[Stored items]
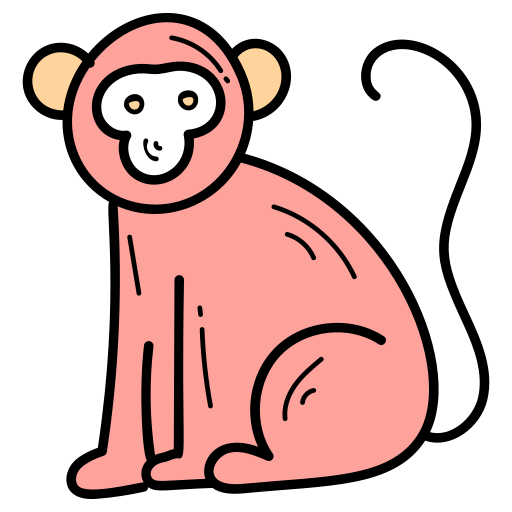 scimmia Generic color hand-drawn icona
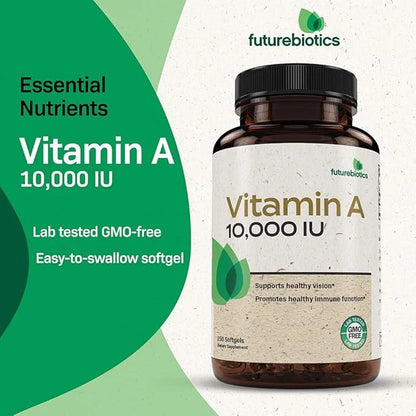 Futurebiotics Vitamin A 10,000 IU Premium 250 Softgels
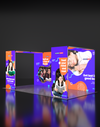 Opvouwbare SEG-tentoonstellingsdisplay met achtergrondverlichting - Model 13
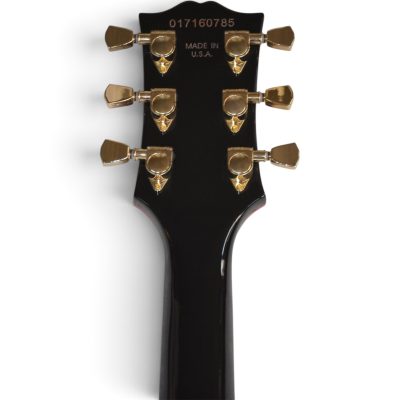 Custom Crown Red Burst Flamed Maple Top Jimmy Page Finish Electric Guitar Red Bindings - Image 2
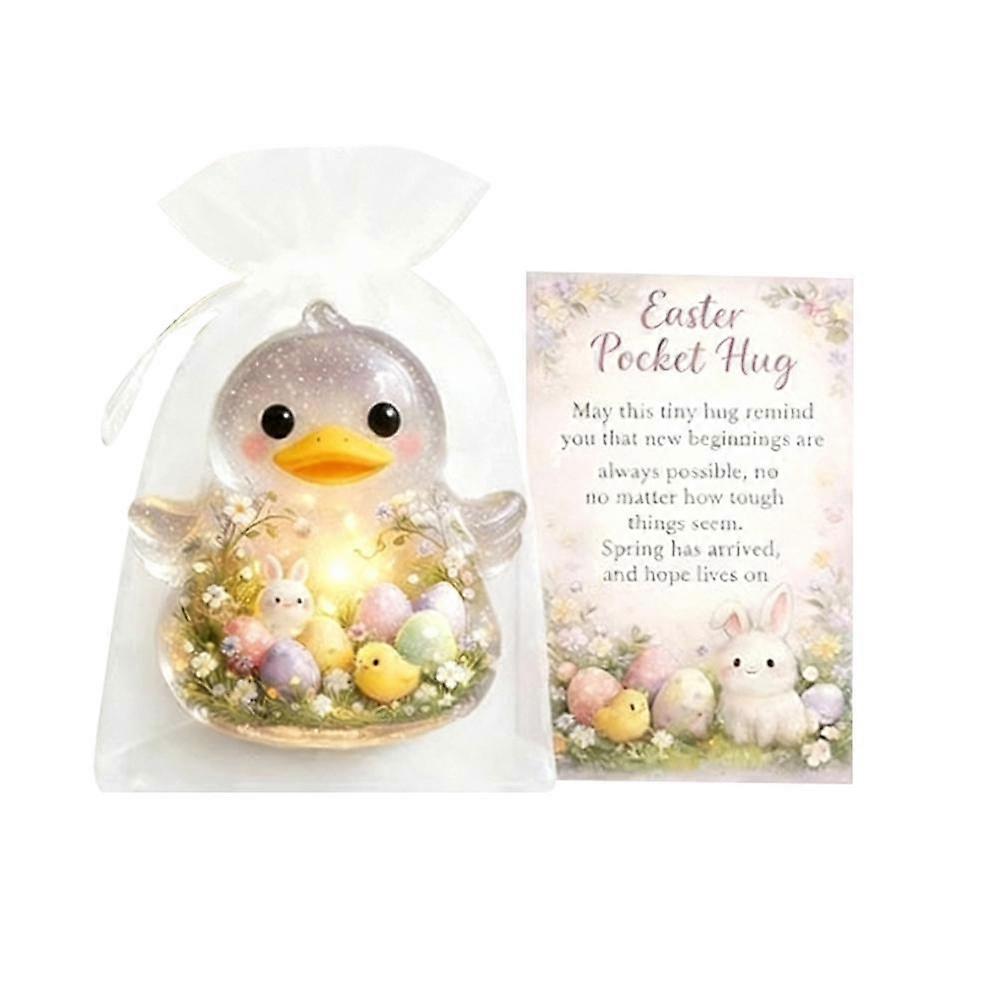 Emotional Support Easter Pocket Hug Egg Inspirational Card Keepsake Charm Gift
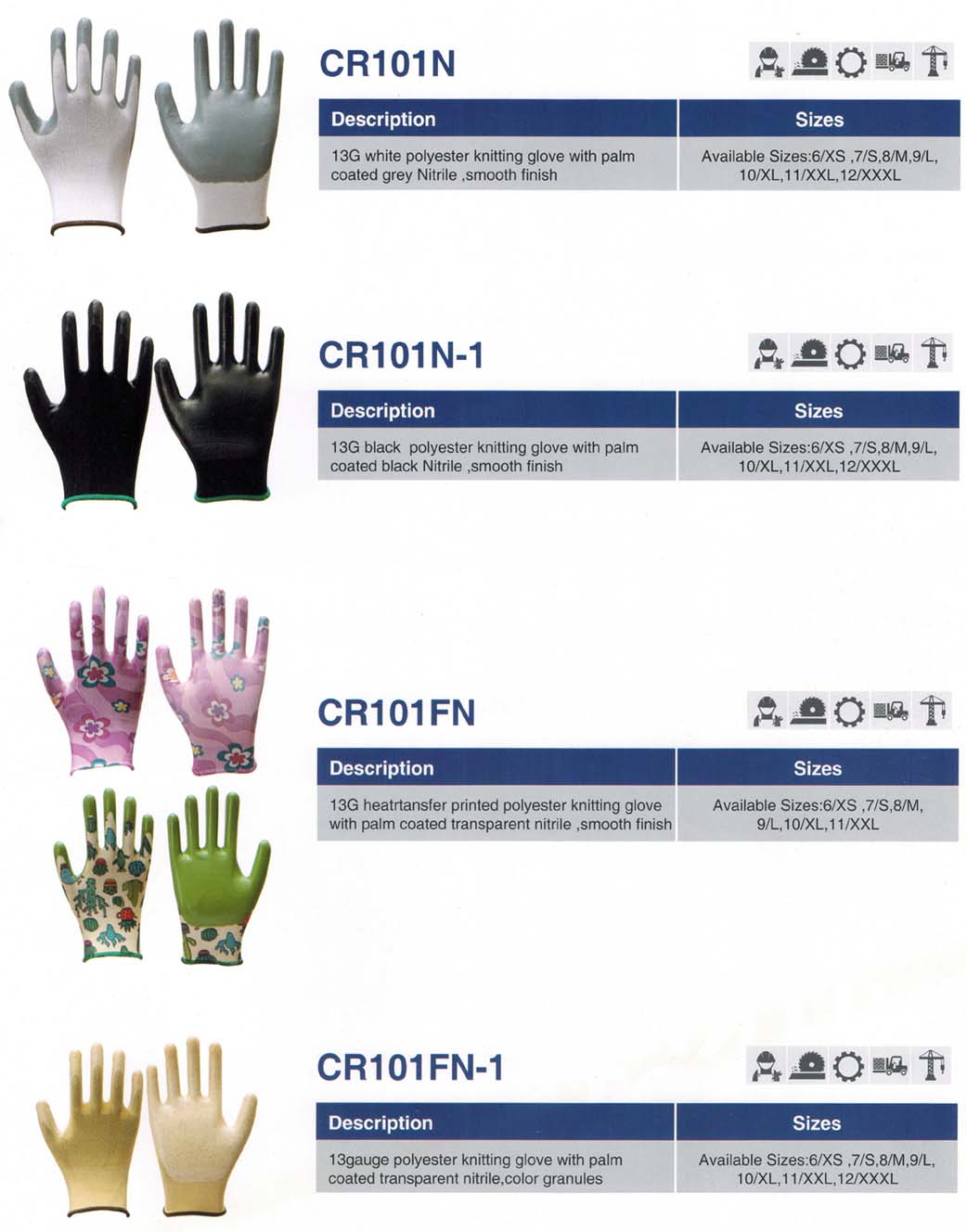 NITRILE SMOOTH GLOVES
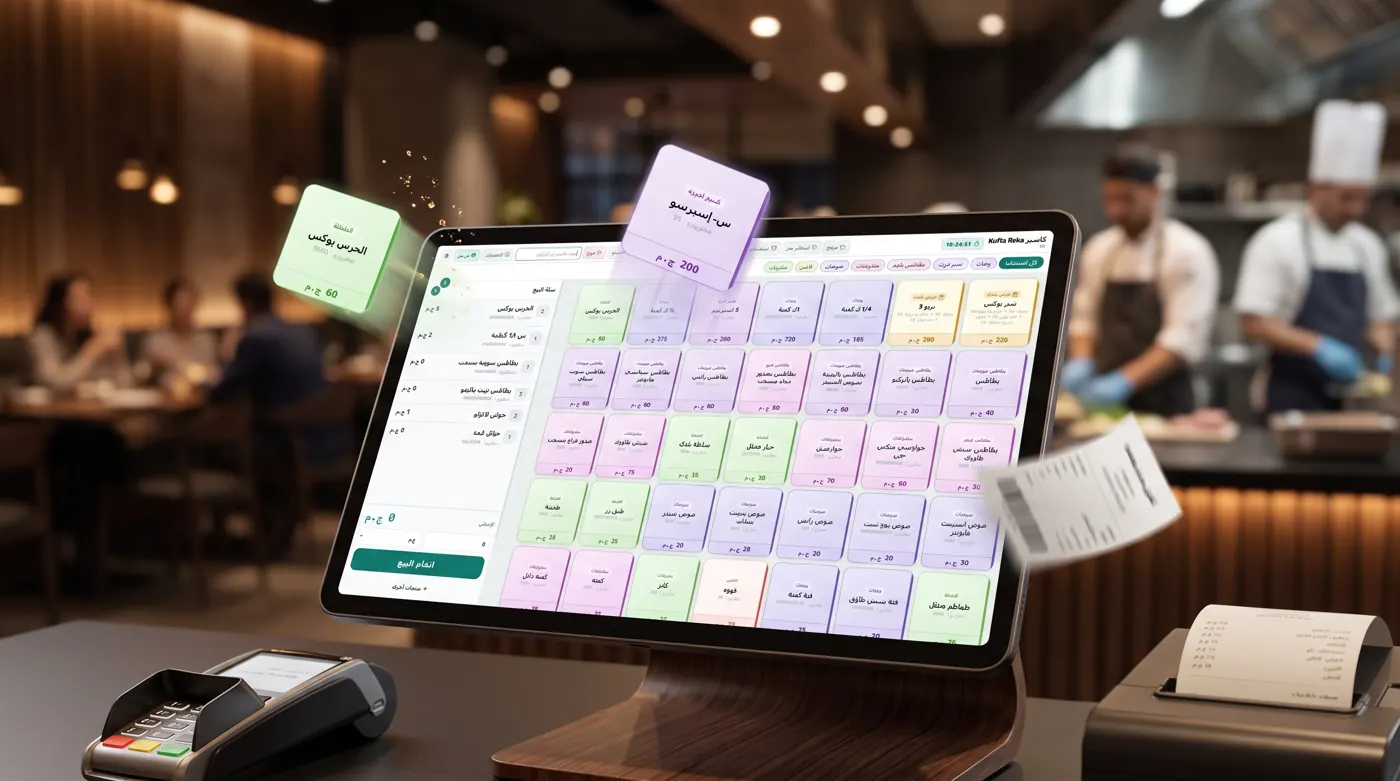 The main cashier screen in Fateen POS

Required action ▸
Leaving the pictures out, give again word for word each line from the one holding "Emotional Support Easter" through the end of the records.

Answer below ▸
 Emotional Support Easter Pocket Hug Egg Inspirational Card Keepsake Charm Gift
 NITRILE SMOOTH GLOVES
 The main cashier screen in Fateen POS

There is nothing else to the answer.